Preface over. What the Dodgers did, particularly over the 32-minute show they put on in an 11-run first inning, was more than a simple win. The Dodgers saved their season in Game 3. Teams that go down 3-0 in seven-game series don’t recover. Teams that totter along fecklessly in the most important games of the year don’t win championships. And these Dodgers, as talented as they are, as much of a résumé as they built in a 43-17 regular season, are not inclined to find themselves on another list of failures.

“We know who we are,” first baseman Max Muncy said.

Who they are depends on what they accomplish over the next two weeks. Here’s who the Dodgers were in the first inning on Wednesday: a wrecking crew that not only broke records but the will of the team that had beaten it twice in a row. The walloping Los Angeles unleashed on Braves rookie Kyle Wright was swift, severe and singular. Never before had a team scored 11 runs in one postseason inning, let alone the first, and Wright found himself responsible for seven of them. His ERA for the game resembled an FM radio station: 94.50, playing the hits.

The last 10 Dodgers runs came with two outs. They hit three home runs in the inning, capped by a grand slam from Muncy, who had grounded out to second base for the second out. They set all sorts of team records and looked primed to challenge a few postseason records but couldn’t muster a run over the final six innings.

Even still, the Dodgers got what they needed in both the win and that resurgent feeling of superiority. Difficult though it might be to measure, the psychological boost of a game like Wednesday’s can’t be overlooked. The simple math does not reflect the difference between down 3-0 and down 2-1. One is a TL-30 safe to an amateur cracker. The other is a lock with a key taped to the back.

And now it’s Clayton Kershaw‘s to grab. His specter loomed over Game 3. Kershaw was supposed to start Game 2 for the Dodgers until his back seized. Dodgers manager Dave Roberts declared him better and ready to pitch Game 4 on Thursday. And as the Braves face the prospect of throwing Bryse Wilson — he of two starts and 15⅔ innings this season — against the finest pitcher of his generation, even Kershaw’s postseason hiccups in years past can’t dim the good vibes emanating from the Dodgers following Game 3.

All of them, from Roberts to Corey Seager (3-for-4 with a home run) to Joc Pederson (4-for-6 with a homer), cited the ninth inning from Game 2, when Los Angeles plated four runs and turned a Braves blowout into a one-run loss, as a turning point. That feels like the sort of narrative a struggling team sells itself. Perhaps the real answer is that L.A. scored its 19 runs between the two games off Josh Tomlin, Wright and Grant Dayton, who allowed the final eight in Game 3.

Whatever.
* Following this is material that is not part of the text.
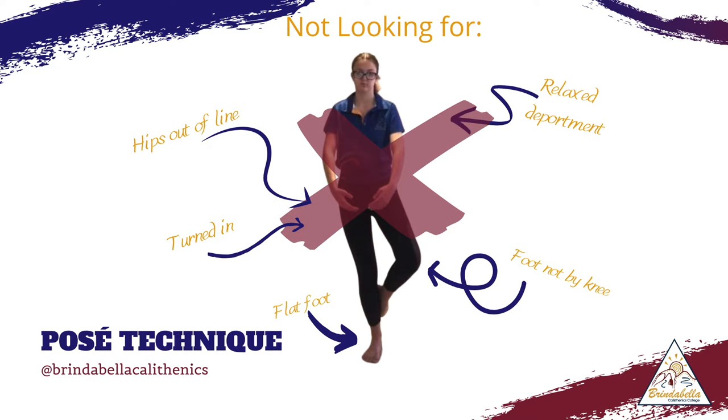What we don't want to see when you're completing a posé with your foot in a relevé — so when you step onto the side toe point — is that your hips are out of line with your bottom sticking out to the side, or that you are turned in.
Just like a win is a win, a run scored is a run scored, and the Braves’ perceived weakness heading into this postseason — pitching depth — finally might be exposing itself. This is no death knell for them, not with a lineup that can devastate a pitcher even of Kershaw’s ilk. It’s more an acknowledgment that shutting down the Cincinnati Reds‘ and Miami Marlins‘ lineups over five games combined is wildly different than keeping the Dodgers in check over a seven-game series.
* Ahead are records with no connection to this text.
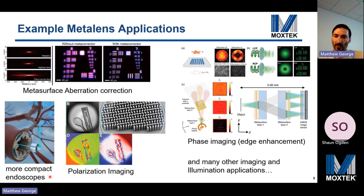An application in medicine would be higher resolution, more compact endoscopes. Polarization imaging is another application achievable using asymmetric pillar shapes like nano fins. Phase imaging for edge enhancement is another application with uses in microscopy and optical metrology — looking at an Air Force resolution target, left-handed circular polarized light produces a normal image, while right-handed circular polarized light highlights the edges. Basically anywhere you have a regular refractive lens, you could consider replacing it with a metalens.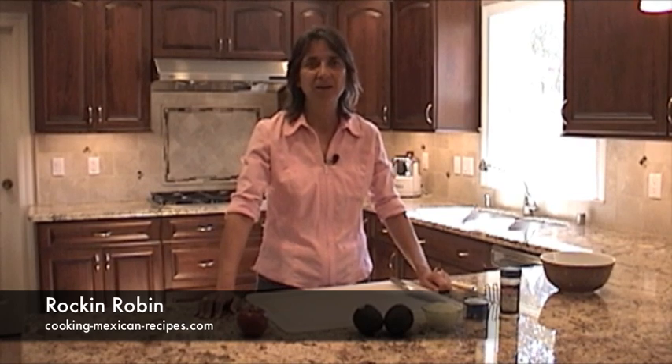I'm Robin from CookingMexicanRecipes.com and today we're making some guacamole. Now before I get into the recipe,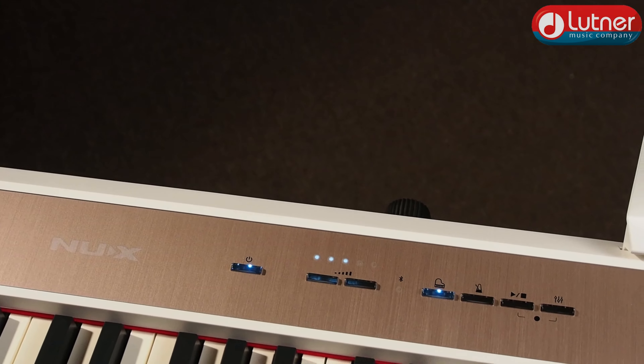Для каждой из зон вы можете выбрать свой тембр в пределах доступных 12, а также повысить или понизить любую зону на одну октаву. Помимо ряда демозаписей, которые можно прослушать и даже поиграть под них, включены несколько ритмических рисунков в разных музыкальных стилях — при желании темп для каждого из них можно изменять по ходу действия.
This outburst started at 5:07 p.m. local time with Mookie Betts chopping a ball down the third-base line and legging out a ball that a replay review turned into a single. Seager scored him with a double. Following groundouts by Justin Turner and Muncy, the Dodgers went double, walk, homer, homer, walk, pitching change, walk, single, hit by pitch, grand slam. In the inning, they hit five balls at 105-plus mph. They feasted on fastballs, with six of their seven hits coming off heaters. By the time 5:39 p.m. rolled around and Dayton struck out Will Smith, the Dodgers had turned those among the crowd of 10,664 at Globe Life Field wearing Braves jerseys into human mute buttons.

There was, as Atlanta learned last year, no answer for an inning like that: The Braves had experienced it in the first inning of their win-or-go-home Game 5 in the division series against the St. Louis Cardinals. Because this one came with a far better cushion — one more time, just in case you forgot, Atlanta still leads this series — it wasn’t nearly as painful. But one wouldn’t deem it pleasant, either.
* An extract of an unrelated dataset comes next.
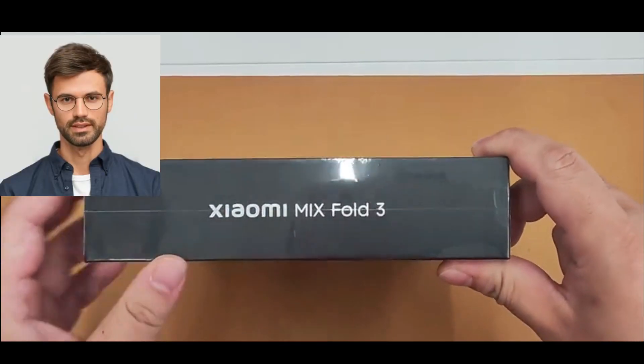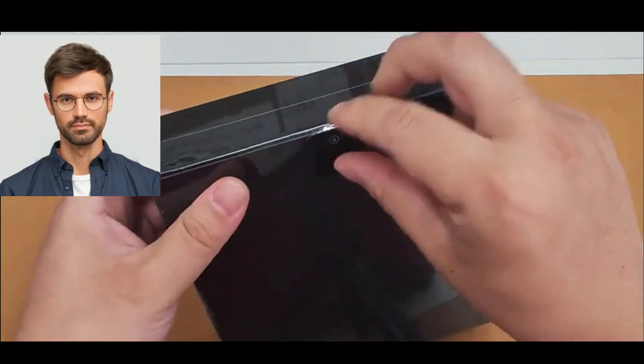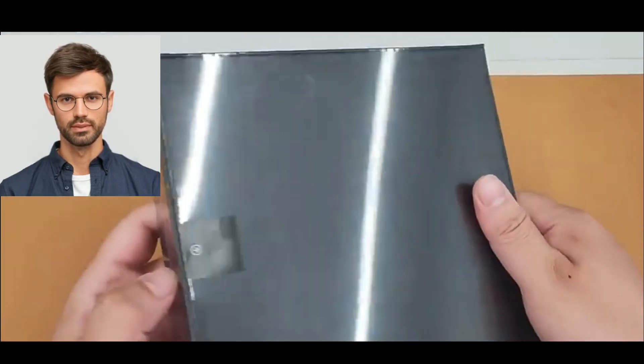Hey everyone, Xiaomi Mi Fold 3 launch in China. If you like my video please subscribe, like and share my video with your friends, and most importantly please comment your opinion in the comment box. Thank you.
“Quite honestly, we’re in better shape than if we grinded out a 7-5 loss,” Braves manager Brian Snitker said. “We wanted to win the game and all, but when you look, I can say the last four hours were not a lot of fun. If we had to lose the game, that probably was the best possible way.”

It’s a healthy tack for Snitker to take and one he can, knowing he won’t need to bring his ace, Max Fried, back on short rest for Game 5. He still could and then follow the same with Anderson, but one more win ensures both are capable of pitching on full rest in this series, so Snitker’s sanguineness amid getting boat-raced is not unreasonable.

In the same fashion, as much as the Dodgers could get caught up in what they did — become the first team in postseason history to put up 18 total bases in an inning as well as the only one to homer five times in the first three innings of a playoff game — their optimism is laden with caution. Sure, they kept intact their season-long run of never losing more than two games in a row. Their ability to blow teams out to avoid three-game streaks — they outscored opponents 29-12 in four regular-season games to steer clear of such skids — is similarly impressive. They also would be only the third team ever to win an NLCS after trailing 2-0 — and the last time it happened was 35 years ago.

The Dodgers last won the World Series 32 years ago, so doing things that haven’t been done in decades is already on their checklist. Their latest step toward that involved doing things that haven’t been done in history. That’s who the Dodgers want to be.

But who they are? We’ll find out soon enough.